→ **What is expected**: Would you copy each line of the data below that has "Embroidered"?

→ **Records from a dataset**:
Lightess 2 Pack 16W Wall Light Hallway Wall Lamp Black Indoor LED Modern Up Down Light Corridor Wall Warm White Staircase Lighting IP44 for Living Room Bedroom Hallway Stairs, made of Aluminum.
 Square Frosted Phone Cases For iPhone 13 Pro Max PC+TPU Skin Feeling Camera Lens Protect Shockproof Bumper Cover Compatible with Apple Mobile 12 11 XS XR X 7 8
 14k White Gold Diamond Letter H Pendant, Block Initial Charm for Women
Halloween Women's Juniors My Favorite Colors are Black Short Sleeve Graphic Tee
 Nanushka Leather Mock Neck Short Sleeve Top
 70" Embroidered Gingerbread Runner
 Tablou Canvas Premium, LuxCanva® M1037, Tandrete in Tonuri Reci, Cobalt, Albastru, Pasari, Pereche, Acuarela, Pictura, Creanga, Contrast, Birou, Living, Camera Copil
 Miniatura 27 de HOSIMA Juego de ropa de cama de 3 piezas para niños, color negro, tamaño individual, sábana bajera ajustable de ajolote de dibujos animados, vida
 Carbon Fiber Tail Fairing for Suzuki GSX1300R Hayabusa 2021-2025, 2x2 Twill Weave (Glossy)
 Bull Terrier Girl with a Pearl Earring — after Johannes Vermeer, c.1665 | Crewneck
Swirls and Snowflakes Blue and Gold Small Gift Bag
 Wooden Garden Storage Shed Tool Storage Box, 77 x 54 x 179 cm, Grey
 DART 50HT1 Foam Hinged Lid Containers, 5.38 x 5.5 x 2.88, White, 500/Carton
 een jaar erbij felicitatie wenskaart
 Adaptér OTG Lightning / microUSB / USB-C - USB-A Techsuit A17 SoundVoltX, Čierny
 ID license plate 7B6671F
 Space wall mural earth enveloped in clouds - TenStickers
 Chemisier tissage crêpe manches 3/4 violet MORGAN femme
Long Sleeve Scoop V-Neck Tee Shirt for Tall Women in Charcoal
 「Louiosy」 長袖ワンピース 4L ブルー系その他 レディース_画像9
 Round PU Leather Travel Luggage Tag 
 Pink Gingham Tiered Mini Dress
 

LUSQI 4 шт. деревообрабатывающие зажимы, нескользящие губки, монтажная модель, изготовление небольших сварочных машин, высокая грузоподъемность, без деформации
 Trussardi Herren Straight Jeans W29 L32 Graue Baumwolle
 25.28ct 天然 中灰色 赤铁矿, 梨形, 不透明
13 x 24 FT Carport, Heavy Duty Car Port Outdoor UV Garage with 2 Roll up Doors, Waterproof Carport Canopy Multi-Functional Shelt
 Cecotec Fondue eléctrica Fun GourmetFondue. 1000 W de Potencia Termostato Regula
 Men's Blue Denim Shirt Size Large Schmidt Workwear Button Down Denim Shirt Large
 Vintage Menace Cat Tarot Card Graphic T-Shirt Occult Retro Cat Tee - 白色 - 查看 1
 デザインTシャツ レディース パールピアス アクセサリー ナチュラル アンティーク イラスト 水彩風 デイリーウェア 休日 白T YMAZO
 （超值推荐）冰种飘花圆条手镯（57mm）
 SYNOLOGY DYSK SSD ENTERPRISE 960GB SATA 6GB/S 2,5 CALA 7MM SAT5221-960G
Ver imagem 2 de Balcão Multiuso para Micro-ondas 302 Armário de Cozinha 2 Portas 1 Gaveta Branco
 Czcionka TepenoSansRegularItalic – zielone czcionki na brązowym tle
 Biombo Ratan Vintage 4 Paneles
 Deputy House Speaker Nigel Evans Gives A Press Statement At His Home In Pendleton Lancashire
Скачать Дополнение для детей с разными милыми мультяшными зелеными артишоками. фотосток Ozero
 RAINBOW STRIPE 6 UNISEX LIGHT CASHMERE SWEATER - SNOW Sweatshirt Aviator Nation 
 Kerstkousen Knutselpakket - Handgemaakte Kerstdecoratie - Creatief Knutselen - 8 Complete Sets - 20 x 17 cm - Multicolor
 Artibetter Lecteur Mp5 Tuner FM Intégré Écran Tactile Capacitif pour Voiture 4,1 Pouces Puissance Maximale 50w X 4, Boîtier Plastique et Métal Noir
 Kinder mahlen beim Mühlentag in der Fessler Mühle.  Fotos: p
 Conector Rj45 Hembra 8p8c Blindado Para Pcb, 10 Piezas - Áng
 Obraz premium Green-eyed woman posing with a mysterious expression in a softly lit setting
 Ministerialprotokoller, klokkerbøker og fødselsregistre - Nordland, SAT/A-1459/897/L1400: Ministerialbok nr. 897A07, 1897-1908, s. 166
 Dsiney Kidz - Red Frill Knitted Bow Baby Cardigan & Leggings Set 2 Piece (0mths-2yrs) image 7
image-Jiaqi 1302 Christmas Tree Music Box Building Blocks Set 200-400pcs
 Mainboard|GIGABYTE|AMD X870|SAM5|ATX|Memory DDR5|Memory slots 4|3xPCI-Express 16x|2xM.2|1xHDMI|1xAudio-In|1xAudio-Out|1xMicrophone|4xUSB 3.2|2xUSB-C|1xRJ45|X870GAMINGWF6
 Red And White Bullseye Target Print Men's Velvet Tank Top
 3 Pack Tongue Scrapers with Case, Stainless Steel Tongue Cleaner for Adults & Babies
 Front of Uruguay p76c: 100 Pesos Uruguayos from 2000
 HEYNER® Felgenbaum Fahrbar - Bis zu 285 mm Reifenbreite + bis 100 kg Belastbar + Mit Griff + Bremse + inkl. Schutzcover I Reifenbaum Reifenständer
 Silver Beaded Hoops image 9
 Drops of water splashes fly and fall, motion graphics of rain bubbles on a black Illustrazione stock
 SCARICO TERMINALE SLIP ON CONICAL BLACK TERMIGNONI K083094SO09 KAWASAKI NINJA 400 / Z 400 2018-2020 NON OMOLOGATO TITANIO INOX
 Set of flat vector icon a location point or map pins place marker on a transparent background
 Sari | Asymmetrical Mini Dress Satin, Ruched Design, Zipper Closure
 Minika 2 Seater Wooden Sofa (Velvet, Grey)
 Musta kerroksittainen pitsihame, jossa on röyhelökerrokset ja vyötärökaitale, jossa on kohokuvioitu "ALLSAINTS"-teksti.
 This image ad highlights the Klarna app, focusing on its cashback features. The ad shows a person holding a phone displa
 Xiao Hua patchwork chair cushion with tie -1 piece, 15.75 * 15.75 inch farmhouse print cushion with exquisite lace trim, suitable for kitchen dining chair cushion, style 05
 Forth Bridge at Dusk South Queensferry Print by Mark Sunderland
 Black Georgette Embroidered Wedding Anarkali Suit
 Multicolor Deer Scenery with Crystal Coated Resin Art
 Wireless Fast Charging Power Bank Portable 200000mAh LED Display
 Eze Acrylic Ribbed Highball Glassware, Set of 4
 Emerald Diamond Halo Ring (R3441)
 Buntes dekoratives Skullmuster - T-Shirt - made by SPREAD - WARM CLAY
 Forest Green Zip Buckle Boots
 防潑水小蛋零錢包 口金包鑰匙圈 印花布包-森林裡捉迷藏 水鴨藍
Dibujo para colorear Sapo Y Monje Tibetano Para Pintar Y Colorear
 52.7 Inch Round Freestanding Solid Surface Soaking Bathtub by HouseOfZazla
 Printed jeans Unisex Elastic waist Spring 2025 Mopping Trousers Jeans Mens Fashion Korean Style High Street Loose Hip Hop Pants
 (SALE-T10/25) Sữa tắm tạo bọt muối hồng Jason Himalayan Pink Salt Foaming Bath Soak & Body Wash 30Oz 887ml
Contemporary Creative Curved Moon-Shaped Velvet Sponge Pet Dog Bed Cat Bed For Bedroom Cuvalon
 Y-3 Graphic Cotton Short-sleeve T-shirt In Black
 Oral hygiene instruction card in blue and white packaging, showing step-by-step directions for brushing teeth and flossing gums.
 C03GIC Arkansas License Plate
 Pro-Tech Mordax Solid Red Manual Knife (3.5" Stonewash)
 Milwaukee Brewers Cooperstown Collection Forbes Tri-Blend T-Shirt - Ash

→ **Exercise result**:
 70" Embroidered Gingerbread Runner
 Black Georgette Embroidered Wedding Anarkali Suit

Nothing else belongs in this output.